# Your favourite complete Tchaikovsky symphony cycle



## Merl

Ok folks, I was wondering what your current favourite COMPLETE Tchaikovsky cycle is. Why do you like it / play it above other cycles (more consistent, better sound, lively performances, terrific accounts of certain symphonies, etc)? I know there are great individual performances of individual symphonies but who makes the best full set (with or without Manfred)? Some will say Jansons, some Pletnev, some Karajan, some Simonov, some Muti, etc........the list goes on. My current favourite is Dorati but that may only last a few weeks.


----------



## Pugg

I always come back to Muti and this one ( Dorati), just the sound of both is overwhelming and so beautiful played.


----------



## techniquest

I only have two Tchaikovsky cycles; Muti on Brilliant Classics and Litton on Virgin. The Muti is a far better set all round (imho).


----------



## Delicious Manager

Yevgeny Svetlanov's old 1960s set with the USSR Symphony Orchestra is always worth hearing, even thought the sound quality is variable and often sounds its age. Mariss Jansons' set has always been highly regarded and it wears its age very well indeed, with excellent recording. 

One I did NOT like one bit was Yuri Temirkanov's set, which I found far too idiosyncratic and self-indulgent.


----------



## Marsilius

I second the Svetlanov choice. That typically raucous Soviet era brass adds an amazing extra frisson of excitement.


----------



## Triplets

I really enjoy the Muti as well, recorded about 30 years ago.
Muti did the complete cycle with the Chicago SO last season, including Manfred. I attended several concerts (1, 3, and Manfred) and the interpretations have slowed down somewhat but are still very satisfying. Hopefully these will be released some day


----------



## Pugg

Triplets said:


> I really enjoy the Muti as well, recorded about 30 years ago.
> Muti did the complete cycle with the Chicago SO last season, including Manfred. I attended several concerts (1, 3, and Manfred) and the interpretations have slowed down somewhat but are still very satisfying. Hopefully these will be released some day


Lucky you, if not released you still have your memories.


----------



## Orfeo

Delicious Manager said:


> Yevgeny Svetlanov's old 1960s set with the USSR Symphony Orchestra is always worth hearing, even thought the sound quality is variable and often sounds its age. Mariss Jansons' set has always been highly regarded and it wears its age very well indeed, with excellent recording.
> 
> One I did NOT like one bit was Yuri Temirkanov's set, which I found far too idiosyncratic and self-indulgent.
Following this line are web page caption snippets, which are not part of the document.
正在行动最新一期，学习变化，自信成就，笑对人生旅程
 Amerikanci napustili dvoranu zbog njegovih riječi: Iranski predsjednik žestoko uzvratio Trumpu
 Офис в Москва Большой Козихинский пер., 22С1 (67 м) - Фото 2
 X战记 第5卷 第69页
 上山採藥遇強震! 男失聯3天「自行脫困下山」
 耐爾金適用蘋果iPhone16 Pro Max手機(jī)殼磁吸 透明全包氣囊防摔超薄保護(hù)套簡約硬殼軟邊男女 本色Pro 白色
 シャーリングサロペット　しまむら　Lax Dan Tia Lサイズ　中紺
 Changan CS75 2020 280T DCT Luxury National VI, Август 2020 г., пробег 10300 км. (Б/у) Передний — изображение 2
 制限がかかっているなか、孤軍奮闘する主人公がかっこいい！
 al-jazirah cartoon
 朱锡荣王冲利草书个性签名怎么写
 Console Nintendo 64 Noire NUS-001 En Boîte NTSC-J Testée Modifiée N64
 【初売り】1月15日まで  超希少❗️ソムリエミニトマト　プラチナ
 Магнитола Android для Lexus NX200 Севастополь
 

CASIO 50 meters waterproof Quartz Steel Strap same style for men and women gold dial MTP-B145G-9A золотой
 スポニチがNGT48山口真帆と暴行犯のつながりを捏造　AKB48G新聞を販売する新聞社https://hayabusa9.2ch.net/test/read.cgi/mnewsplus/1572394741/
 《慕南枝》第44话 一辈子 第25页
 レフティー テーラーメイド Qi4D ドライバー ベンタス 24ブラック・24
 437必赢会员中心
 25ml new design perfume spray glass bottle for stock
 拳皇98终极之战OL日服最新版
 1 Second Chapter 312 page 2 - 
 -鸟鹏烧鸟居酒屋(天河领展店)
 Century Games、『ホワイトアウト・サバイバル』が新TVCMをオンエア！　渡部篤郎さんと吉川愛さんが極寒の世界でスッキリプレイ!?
I'm going to say Svetlanov's second set with the Russian Federation Symphony Orchestra (formerly the USSR Symphony), recorded live in Japan in the spring of 1990, with Manfred recorded in 1992. Despite my severe reservations on Svetlanov's cuts in Manfred, this set overall is of high value. Approach wise, Svetlanov's traversal is quite the same as earlier (more direct and hard-pressed rather than less probing, pliant, and stylish). The Canyon/Warner recording is better than the Melodiya (more spacious and encompassing, despite balancing issues and a bit overload on the bass (accompanied by the background humming sound that is noticeable throughout the set). And the brass is not so intrusive in the second set and ideally more blended.

Another set, which I have not heard in a long while, is Rostropovich's one which the London Philharmonic. His phrasings will not suit all tastes, but his readings are passionate, with his orchestra quite in top form.


----------



## Sonata

The bookends: 1 & 6

Oops, I see "favorite symphonic cycle"
I have no idea I've only had one, with the Utah Symphony. i should expand on that exposure.


----------